We're growing brains outside of the body - Cozumel
http://www.bbc.com/future/story/20161004-were-developing-brains-outside-of-the-body
======
sundarurfriend
The research is very interesting, but I find the article quite annoying and
difficult to get through. It feels badly organized, and overall sounds more
like an upstart blogger trying to sound like a fancy NYT (or BBC) journalist -
and failing at it.

A few choice quotes to function as a poor man's tldr:

* Madeleine Lancaster has 300 brains growing in her [...] brand new molecular biology lab in Cambridge

* to make [a brain] you could start with any cell type – be it nose, liver, or toenail. [...] next you’ll need to turn your cells into [stem cells].

* Eventually each stem cell will begin to specialise, turning the uniform balls into a jumble of different cell types. Among them will be brain cells.

* As the cells begin to starve, most of them will die off, leaving only the brain cells behind. “They are really robust – I don’t think anyone knows why,” she says.

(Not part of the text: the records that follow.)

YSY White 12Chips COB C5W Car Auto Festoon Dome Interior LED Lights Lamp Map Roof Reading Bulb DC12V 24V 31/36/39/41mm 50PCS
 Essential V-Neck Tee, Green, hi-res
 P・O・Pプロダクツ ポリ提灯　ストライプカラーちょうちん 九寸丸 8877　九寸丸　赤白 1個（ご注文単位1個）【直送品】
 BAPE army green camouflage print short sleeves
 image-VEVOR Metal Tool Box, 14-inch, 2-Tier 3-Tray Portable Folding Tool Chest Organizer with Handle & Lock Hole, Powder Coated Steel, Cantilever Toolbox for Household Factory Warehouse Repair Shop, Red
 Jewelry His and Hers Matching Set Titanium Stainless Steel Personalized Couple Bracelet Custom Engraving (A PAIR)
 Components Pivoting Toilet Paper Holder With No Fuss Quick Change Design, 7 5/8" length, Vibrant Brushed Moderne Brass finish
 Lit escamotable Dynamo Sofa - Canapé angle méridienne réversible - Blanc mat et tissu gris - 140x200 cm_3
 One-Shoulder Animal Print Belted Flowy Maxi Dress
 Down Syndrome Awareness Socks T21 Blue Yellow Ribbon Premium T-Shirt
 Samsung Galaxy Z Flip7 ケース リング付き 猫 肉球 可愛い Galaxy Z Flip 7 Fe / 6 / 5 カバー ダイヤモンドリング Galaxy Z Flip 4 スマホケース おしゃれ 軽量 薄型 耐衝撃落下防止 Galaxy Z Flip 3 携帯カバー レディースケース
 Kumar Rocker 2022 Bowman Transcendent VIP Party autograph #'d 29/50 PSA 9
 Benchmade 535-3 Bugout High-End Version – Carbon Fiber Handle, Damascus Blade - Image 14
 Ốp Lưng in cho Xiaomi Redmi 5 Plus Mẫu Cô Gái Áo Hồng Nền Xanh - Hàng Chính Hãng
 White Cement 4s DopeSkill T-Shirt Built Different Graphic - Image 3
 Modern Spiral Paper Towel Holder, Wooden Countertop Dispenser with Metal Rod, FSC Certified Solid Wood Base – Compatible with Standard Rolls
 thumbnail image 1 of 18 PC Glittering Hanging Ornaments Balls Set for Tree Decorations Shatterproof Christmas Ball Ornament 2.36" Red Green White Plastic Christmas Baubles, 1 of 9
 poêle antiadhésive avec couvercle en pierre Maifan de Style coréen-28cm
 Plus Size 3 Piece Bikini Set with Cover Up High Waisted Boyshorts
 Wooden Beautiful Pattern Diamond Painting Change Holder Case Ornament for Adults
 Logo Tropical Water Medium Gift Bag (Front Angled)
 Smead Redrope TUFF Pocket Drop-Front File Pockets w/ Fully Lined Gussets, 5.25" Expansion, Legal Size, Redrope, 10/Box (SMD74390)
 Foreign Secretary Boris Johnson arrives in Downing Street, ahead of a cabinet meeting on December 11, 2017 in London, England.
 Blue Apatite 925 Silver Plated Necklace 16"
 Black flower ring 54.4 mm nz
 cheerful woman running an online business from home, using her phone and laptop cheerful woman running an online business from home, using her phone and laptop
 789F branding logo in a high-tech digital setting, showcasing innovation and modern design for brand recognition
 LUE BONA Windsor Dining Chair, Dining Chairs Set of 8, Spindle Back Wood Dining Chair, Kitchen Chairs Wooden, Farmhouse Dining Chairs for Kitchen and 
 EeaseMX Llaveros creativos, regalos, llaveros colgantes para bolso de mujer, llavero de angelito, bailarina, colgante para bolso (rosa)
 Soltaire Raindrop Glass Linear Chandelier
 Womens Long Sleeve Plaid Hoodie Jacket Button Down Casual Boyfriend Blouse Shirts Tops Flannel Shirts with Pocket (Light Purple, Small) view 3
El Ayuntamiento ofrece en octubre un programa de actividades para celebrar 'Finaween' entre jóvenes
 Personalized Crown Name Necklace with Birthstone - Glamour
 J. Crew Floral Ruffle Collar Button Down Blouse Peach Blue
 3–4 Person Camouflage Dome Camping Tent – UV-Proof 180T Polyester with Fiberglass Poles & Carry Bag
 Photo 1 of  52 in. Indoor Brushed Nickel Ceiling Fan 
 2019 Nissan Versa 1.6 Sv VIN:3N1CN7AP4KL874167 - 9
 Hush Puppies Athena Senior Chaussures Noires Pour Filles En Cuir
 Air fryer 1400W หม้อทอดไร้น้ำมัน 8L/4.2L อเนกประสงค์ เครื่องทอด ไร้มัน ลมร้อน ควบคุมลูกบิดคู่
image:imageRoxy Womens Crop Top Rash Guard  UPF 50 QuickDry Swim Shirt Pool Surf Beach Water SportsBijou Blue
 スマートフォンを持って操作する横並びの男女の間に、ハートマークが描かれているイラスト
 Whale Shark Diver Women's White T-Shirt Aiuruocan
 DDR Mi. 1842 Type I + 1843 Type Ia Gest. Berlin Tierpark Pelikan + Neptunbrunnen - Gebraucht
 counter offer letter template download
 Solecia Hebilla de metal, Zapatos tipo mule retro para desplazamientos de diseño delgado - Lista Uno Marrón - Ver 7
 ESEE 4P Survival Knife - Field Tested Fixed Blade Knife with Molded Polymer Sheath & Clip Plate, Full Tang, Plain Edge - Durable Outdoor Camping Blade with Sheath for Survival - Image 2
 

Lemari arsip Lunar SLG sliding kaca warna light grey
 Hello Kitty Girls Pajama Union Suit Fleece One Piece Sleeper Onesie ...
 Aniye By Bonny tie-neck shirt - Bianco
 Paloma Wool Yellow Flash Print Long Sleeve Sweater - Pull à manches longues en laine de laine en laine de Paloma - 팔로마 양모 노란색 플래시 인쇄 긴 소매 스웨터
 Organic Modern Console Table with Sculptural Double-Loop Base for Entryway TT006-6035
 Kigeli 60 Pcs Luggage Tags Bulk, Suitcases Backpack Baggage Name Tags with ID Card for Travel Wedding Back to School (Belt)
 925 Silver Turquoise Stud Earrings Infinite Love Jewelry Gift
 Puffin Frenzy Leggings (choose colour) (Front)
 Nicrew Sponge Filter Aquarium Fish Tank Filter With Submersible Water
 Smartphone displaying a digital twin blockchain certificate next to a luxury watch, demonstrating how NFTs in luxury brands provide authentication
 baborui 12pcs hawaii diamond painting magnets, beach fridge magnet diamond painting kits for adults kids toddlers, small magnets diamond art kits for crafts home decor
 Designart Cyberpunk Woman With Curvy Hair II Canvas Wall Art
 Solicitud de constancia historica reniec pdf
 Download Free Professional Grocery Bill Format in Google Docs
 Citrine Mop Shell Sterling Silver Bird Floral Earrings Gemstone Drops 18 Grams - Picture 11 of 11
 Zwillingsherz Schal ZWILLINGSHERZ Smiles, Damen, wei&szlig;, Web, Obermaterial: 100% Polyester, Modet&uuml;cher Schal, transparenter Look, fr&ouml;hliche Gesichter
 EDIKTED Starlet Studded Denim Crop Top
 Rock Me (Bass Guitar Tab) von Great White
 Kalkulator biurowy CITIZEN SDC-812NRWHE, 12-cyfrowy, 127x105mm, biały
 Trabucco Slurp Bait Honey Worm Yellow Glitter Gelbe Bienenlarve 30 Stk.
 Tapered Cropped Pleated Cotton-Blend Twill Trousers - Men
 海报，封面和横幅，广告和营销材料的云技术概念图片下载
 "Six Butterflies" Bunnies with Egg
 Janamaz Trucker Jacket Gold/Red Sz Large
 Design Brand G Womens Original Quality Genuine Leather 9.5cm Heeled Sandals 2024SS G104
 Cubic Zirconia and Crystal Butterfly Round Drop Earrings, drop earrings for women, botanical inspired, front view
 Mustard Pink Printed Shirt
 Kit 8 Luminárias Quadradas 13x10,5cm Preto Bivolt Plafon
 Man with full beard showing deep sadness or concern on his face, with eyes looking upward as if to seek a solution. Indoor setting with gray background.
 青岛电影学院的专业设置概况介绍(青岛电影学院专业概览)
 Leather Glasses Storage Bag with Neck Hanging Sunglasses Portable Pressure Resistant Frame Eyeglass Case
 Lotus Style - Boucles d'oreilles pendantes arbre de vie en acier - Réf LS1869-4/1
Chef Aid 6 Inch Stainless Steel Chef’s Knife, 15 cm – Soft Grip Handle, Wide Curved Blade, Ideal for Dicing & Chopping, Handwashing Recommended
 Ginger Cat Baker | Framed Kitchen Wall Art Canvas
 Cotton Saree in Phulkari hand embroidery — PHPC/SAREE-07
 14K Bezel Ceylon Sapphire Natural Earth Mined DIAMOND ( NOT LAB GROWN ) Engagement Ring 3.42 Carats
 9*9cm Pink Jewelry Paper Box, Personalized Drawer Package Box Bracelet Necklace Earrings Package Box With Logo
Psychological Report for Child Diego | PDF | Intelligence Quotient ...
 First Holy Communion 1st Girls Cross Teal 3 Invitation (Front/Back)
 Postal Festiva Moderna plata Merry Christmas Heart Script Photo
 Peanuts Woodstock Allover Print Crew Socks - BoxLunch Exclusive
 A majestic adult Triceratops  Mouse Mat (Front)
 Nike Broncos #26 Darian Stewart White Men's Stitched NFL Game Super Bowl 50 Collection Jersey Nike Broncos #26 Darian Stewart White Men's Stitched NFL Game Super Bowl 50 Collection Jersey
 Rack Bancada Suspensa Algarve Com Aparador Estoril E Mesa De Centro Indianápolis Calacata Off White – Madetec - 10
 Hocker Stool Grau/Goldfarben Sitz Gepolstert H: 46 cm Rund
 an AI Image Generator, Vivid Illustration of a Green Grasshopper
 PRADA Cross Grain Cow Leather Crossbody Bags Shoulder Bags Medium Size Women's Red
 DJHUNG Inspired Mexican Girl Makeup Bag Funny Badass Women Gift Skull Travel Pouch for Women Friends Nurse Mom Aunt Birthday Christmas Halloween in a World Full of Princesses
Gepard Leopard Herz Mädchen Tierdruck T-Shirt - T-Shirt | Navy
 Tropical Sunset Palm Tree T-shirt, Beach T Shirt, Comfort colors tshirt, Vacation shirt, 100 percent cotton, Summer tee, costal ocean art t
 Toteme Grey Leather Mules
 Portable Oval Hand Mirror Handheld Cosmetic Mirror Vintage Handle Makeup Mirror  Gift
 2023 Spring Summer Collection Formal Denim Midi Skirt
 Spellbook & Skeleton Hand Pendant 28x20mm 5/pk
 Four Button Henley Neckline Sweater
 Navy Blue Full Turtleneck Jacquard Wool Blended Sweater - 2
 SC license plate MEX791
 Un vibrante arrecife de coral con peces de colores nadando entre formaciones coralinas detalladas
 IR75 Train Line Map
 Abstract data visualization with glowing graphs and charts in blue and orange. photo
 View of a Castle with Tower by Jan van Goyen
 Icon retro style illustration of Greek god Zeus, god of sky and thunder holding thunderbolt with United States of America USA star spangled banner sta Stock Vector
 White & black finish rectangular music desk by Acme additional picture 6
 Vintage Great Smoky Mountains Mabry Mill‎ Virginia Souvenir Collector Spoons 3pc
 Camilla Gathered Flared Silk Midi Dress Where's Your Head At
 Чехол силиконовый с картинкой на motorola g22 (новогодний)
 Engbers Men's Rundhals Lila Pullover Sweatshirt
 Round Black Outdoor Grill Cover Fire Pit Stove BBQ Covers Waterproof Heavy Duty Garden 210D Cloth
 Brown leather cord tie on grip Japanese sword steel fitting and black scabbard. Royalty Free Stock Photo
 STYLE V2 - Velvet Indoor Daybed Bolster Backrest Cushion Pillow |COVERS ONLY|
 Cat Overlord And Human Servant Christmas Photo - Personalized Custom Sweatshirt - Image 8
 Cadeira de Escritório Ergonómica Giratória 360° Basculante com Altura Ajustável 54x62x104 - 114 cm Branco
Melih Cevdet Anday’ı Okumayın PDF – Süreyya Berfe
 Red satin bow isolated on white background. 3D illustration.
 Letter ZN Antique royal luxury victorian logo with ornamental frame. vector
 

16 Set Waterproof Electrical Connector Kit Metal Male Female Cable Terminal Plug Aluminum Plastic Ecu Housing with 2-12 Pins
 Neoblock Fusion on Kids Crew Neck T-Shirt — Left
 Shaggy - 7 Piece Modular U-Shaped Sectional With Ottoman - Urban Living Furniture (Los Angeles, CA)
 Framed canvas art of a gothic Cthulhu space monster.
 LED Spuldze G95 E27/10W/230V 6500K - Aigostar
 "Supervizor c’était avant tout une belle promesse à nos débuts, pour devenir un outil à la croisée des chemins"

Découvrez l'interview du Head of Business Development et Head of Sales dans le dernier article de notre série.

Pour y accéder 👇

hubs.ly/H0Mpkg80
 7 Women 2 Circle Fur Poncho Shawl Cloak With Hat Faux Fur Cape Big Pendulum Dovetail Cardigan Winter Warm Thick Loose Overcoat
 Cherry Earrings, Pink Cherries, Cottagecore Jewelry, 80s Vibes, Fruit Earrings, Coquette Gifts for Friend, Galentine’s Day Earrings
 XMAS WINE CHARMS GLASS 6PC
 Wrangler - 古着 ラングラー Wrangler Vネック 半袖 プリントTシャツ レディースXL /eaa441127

* At the moment, Lancaster’s brains aren’t thought to be able to think. [...] "The neurons are working but they aren’t really organised relative to one another,” she says.

* the team has been taking individual genes involved in brain development and replacing them with the chimpanzee version – then using these cells to make hybrid chimp-human brains. As they develop, the role of the gene often becomes clear;

* Elsewhere, the organoids are being used to study uniquely human diseases, from autism to schizophrenia.